ABSTRACT
INTRODUCTION
The rapid advancements in the field of VLSI is due to the increased use of battery operated devices such as laptops, PDAs, mobiles etc., advancements in wireless communications and computations are the urge for low power budgets and compactness. To achieve this, the transistor size has been continually scaled down and to have proper operation of the device, the supply voltages have also been scaled. As the technology aggressively scales down, the density on the chip has increased and hence the interconnection density, which increased the coupling capacitance of the circuit. This lead to increased interaction between the connections and thereby increasing crosstalk and system failures. On the other hand with the decrease in supply, the gate threshold is decreased to preserve system throughput and so leakage currents have increased. And therefore the noise margins of the gate reduced.
Dynamic logic circuits found their wide application in high speed, low power areas such as microprocessors, digital signal processing, dynamic memories etc., because of their low device count, high speed, short circuit power free and glitch free operation [2] . On the other hand it is also possible to design a dynamic logic unit that is smaller than its static counterpart. Dynamic logic consists of pull down network realizing the logic. From the basic theory of dynamic logic the circuit is pre-charged and evaluated at every clock cycle. Due to high clock frequency, a large amount of noise gets induced and power consumption increases. The main draw backs in dynamic logic are charge sharing and cascading. To overcome these problems domino logic is used. When a dynamic gate is cascaded by a static inverter, it is called Domino logic. Domino gates runs faster than the static gates as they present much lower input capacitance for the same output current and a lower switching threshold.
The leakage immunity is of more concern in high fan-in circuits because of larger leakage due to more parallel evaluation paths. Since the leakage current is proportional to the fan-in, the noise immunity decreases with increase in fan-in. Leakage and noise immunity are major issues for the high fan-in domino logic circuits, because the evaluation transistor are all in parallel, leaking the charge from pre-charge node. In this paper we are proposing a technique to reduce power and increase speed and noise immunity of a high fan-in domino gate.
PROBLEM STATEMENT :
The basic domino logic stage consists of logic realized using N-MOS (Mn) in pull down network and the pull up net work consists of a single P-MOS (Mp) to pre charge the dynamic node to logic high as shown in Fig.1 . The dynamic node is cascaded into a static inverter from where the gate output is taken and can be connected to the N-MOS input of the next stage [1] . When clock = 0, the dynamic node charges to Vdd and the bottom transistor Mn is responsible for holding the charge on the dynamic node irrespective of the input combination applied to the pull down network. Thus the output goes to logic 0 during this interval (pre-charge phase). When the clock = 1(evaluation phase) the pre-charge transistor (Mp) goes off, allowing the dynamic node to settle down to a state determined by the inputs . Based on the logic implemented, the charge on the dynamic node may be retained at logic 1, thus output remains at logic 0 or the dynamic node may get discharged to logic 0 and output may rise to logic 1.

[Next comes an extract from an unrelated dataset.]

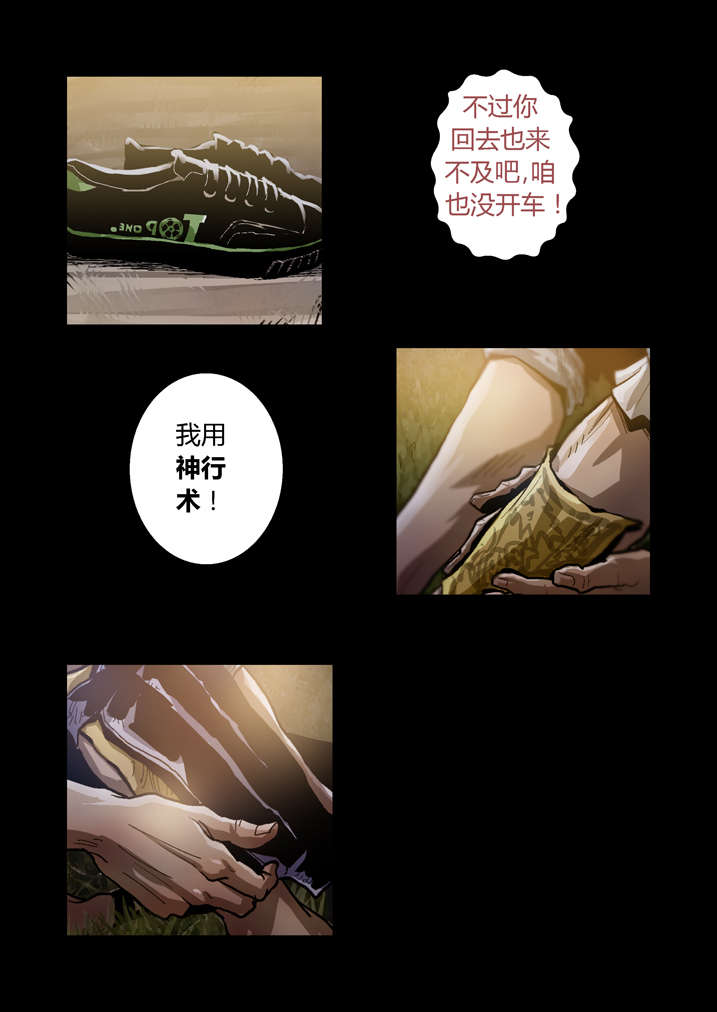 《魂收》漫画最新章节第42章：神行术免费下拉式在线观看章节第【5】张图片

During evaluation phase when all the inputs are at logic 0, dynamic node should be at logic 1, but the pull down network leaks the charge stored on the dynamic node due to sub threshold leakage. This is again compensated by P-MOS keeper (Fig.2) , which aims to restore the charge on the dynamic node. But when a noise pulse occurs at any of the input such that pull down network provides a direct path to ground, the keeper may not be able to retain the charge on the dynamic node and the node gets wrongly discharged. As the noise in Domino gates is becoming more important than area, power and delay issues in the sub micro meter regime , recently several techniques have been proposed [6] , [7] to reduce noise in domino circuits. All the techniques have aimed at reducing the noise effect, but have several drawbacks related to area, power and delay.

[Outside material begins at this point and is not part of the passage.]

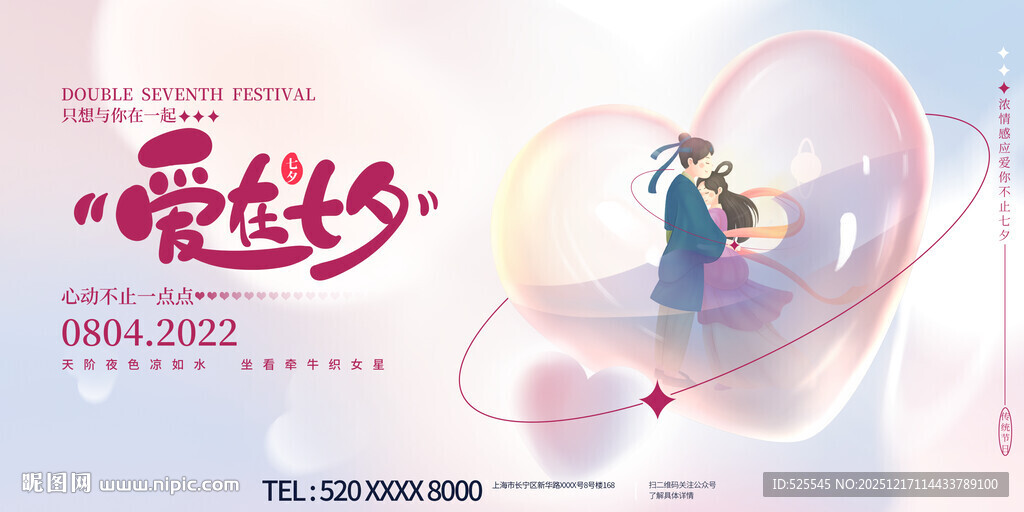 爱在七夕浪漫海报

In section II existing domino techniques were discussed, section III discusses the proposed scheme, Noise metrics were discussed in section IV, Encoder design with proposed OR gate is presented in section V, simulation and results compared with other existing schemes is presented in section VI and section VII presents the conclusion.
BACKGROUND AND RELATED WORK
To compensate the leakage at dynamic node a weak transistor called keeper transistor is used. It prevents the charge loss and keeps the dynamic node at strong high when pull down network is off. In the first Domino proposal [3] the gate of the keeper is connected to ground which makes it always ON. Thus at the beginning of the evaluation phase if the pull down network turns ON, the dynamic node tends to discharge through PDN and keeper starts injecting the lost charge to the dynamic node as it is always ON, which results in contention. This technique introduced a potential DC power consumption. In order to reduce this extra power dissipation, a feedback keeper was proposed in [4] , [5] . In this the PMOS gate of the keeper (Fig.2) is connected to the output of the static inverter. Thus during Pre-charge the dynamic node is at high, and the keeper remains on and during evaluate phase if the pull down net work is on, dynamic node gets discharged and the output node is at logic high which makes the keeper transistor off, thus eliminating contention.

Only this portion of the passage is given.